## Materials provided
##############################
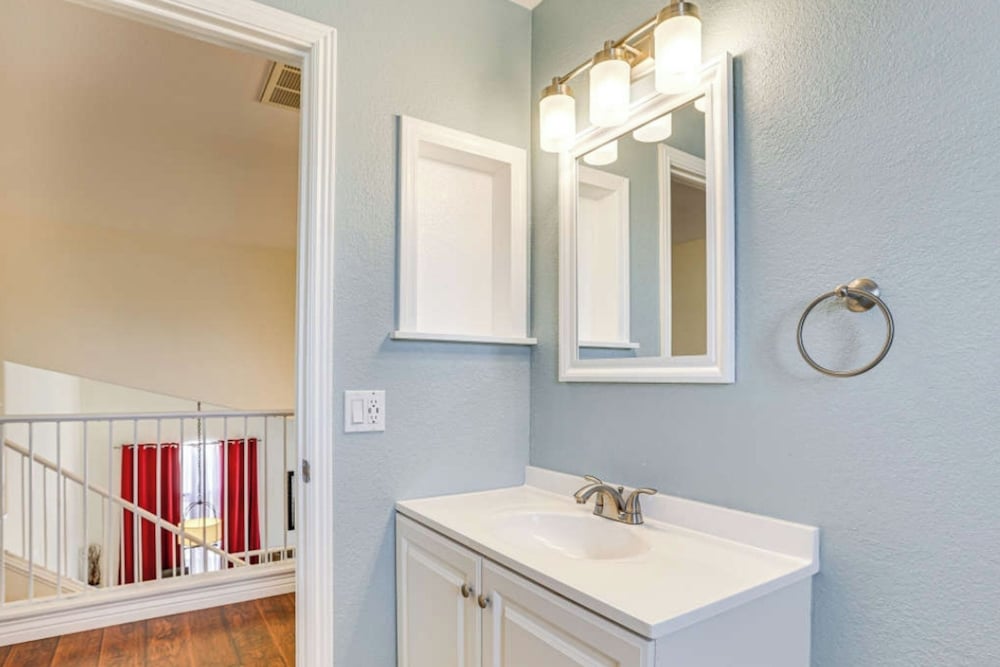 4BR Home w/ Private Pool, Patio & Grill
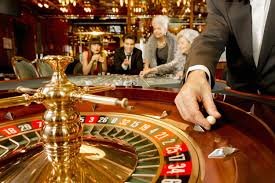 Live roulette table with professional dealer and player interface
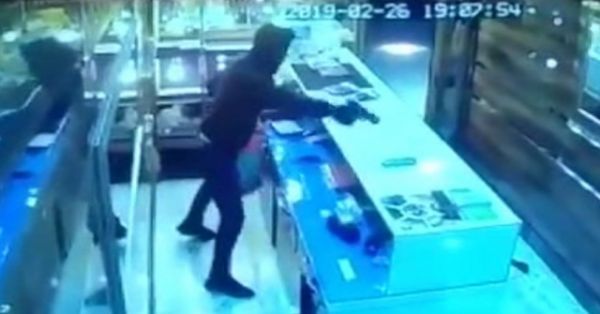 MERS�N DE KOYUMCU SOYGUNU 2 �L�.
##############################
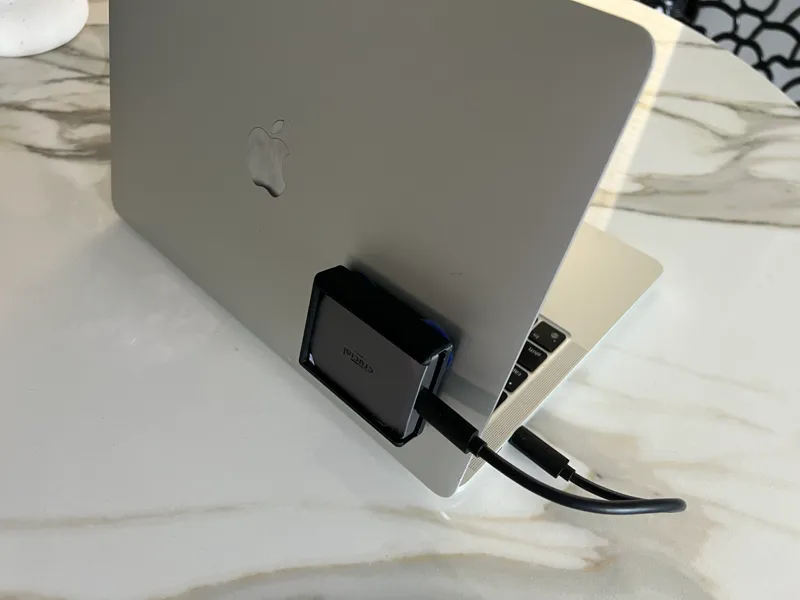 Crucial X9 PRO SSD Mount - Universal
##############################
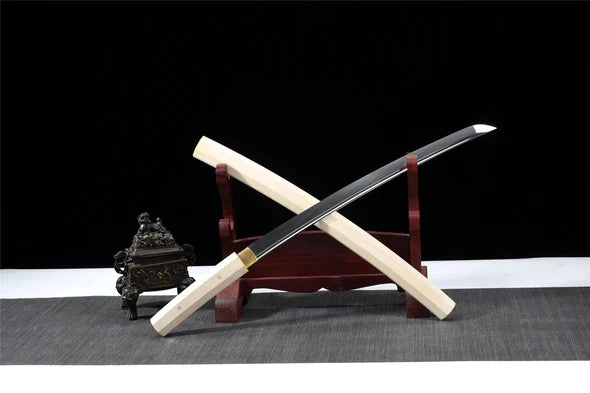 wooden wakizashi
##############################
## Exercise instructions
Copy only the lines above from the one containing "Live roulette table" through the one containing "MERS�N DE KOYUMCU SOYGUNU 2 �L�.", both included. Leave out the pictures.

## Problem solution
 Live roulette table with professional dealer and player interface
 MERS�N DE KOYUMCU SOYGUNU 2 �L�.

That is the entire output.